Alors qu’avant les années 1960 une peinture faite par un artiste de renom comme Louay Kayyali coûtait 10 $, après les années 1960, elle a commencé à coûter 200 $. Plus récemment, de jeunes artistes talentueux ont commencé à gagner entre 5 000 et 10 000 $ par mois, ce qui était alors avant la guerre actuelle, une énorme somme d’argent en Syrie.

Le Pont Organization, created by Photographer Issa Touma in Aleppo
Le Pont Organisation, fondée par le photographe Issa Touma à Alep

En 2010, Damas comptait un total de 32 galeries d’art (dont 26 galeries privées), sans mentionner les nombreux showrooms et centres culturels. A Alep il y avait env. 25 galeries d’art établies. Pour un pays arabe, c’est un nombre très important.

Beaucoup d’artistes qui avaient quitté la Syrie dans le passé ont commencé à revenir et à se réinstaller dans leur pays ou à participer à des expositions : nous avons pu voir l’œuvre du renommé Kurde-syrien Bahram Hajou à la Galerie Attassi en 2005, ainsi que l’œuvre du Damascène Youssef Abdelke dont le seul souhait était de créer de nouveau son art dans son pays d’origine (Abdelke a émigré en France après avoir été prisonnier politique pendant 2 ans de 1978 à 1980).

1) Bahram Hajou - 2) Youssef Abdelke
1) Bahram Hajou – 2) Youssef Abdelke

Au cours de cette période, de nouvelles générations d’artistes, fraîchement diplômés de toutes les facultés de Beaux-arts, sont entrés par vagues successives dans la scène artistique.

Nonobstant la tendance commerciale récente des arts, la qualité globale de l’art n’en a nullement été affectée. Au cours de ces 10 années, il y a eu une explosion de talents émergents aux styles très distingués, qui ont insufflé une nouvelle énergie et un nouvel esprit à l’ancienne école d’art syrienne.

On peut citer :

Houmam Al Sayed, Kais Salman, Mohannad Orabi, Khaled Akil, Oussama Diab, Khaled Takreti, Manhal Issa… la liste est très longue. Nous pouvons reconnaître une révolution des couleurs, l’introduction du Pop’art, de l’art numérique et la photographie.

Houmam Al Sayed
Houmam Al Sayed

Il est tout à fait intéressant de constater que cette révolte artistique, – défiant tous les codes de la société moyen-orientale traditionnelle -, s’est produite malgré une pratique religieuse en croissance, par rapport aux décennies précédentes.
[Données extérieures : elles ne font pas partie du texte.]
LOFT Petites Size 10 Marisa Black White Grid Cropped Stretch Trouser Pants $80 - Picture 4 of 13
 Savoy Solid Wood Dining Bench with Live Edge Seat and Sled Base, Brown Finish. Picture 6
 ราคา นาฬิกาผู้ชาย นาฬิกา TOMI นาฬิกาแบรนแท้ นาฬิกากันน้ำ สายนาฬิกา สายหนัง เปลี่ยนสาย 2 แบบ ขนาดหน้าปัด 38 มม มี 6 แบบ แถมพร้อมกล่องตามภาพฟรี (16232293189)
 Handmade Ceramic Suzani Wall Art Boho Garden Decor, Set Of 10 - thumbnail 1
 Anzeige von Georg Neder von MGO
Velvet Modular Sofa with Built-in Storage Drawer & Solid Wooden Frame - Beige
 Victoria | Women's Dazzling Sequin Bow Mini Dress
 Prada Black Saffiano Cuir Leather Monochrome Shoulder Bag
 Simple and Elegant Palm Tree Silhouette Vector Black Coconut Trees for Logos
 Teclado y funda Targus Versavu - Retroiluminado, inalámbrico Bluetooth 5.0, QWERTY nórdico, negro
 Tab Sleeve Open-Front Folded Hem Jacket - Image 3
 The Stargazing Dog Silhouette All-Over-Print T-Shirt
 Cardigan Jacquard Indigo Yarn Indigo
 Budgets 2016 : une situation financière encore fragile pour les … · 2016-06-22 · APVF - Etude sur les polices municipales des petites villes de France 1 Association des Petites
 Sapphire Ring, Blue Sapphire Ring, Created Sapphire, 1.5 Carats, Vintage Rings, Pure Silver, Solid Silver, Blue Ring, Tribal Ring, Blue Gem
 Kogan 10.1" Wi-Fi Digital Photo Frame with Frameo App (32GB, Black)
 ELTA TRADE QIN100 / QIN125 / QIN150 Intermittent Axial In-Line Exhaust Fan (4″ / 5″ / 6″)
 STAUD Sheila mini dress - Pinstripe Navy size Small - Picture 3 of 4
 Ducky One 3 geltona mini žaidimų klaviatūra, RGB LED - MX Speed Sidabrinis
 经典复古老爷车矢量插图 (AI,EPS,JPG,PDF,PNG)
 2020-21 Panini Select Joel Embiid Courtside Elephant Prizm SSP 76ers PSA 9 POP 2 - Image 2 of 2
Il semblait que plusieurs sociétés parallèles coexistaient à la fois : une société très branchée et totalement athée, une société branchée mais encore religieuse (issue pour la plupart de l’ancienne bourgeoisie des grandes villes), et enfin une société rurale très traditionnelle et/ou religieuse (pauvre ou riche).

Khaled Takreti
Khaled Takreti

Cependant, en général, les jeunes générations d’artistes ont commencé à faire entendre leur voix, à créer, à imaginer un avenir brillant à l’intérieur du pays, et non plus seulement dans des pays étrangers, comme cela a pu être le cas avant 2000. Néanmoins, cette créativité était contrôlée par le régime, et quelques lignes rouges sont apparues, en particulier dans les questions de politique interne. Mais on peut affirmer que c’était une période d’innovation et d’espoir, une lente transition vers une plus grande liberté d’expression, et certainement vers un horizon plus large de création pour l’avenir, – pour le moins, c’était le souhait intérieur d’une grande majorité d’artistes syriens.

Oussama Diab
Oussama Diab

Et puis la guerre a éclaté en Syrie en 2011. Comment pouvons-nous la qualifier ? De révolution ? De conspiration étrangère ? De guerre civile ? En fait, aucun de ces termes n’est correct, mais cependant chacun d’eux contient une part de vérité. Quoi qu’il en soit, il s’agit d’une guerre avec toutes ses conséquences : des milliers et des milliers de victimes, la destruction, des millions de réfugiés à l’intérieur et à l’extérieur du pays, des considérations géopolitiques internationales, des manipulations médiatiques de tous côtés, des campagnes de communication et de propagande trompeuses, l’augmentation de l’extrémisme religieux, etc.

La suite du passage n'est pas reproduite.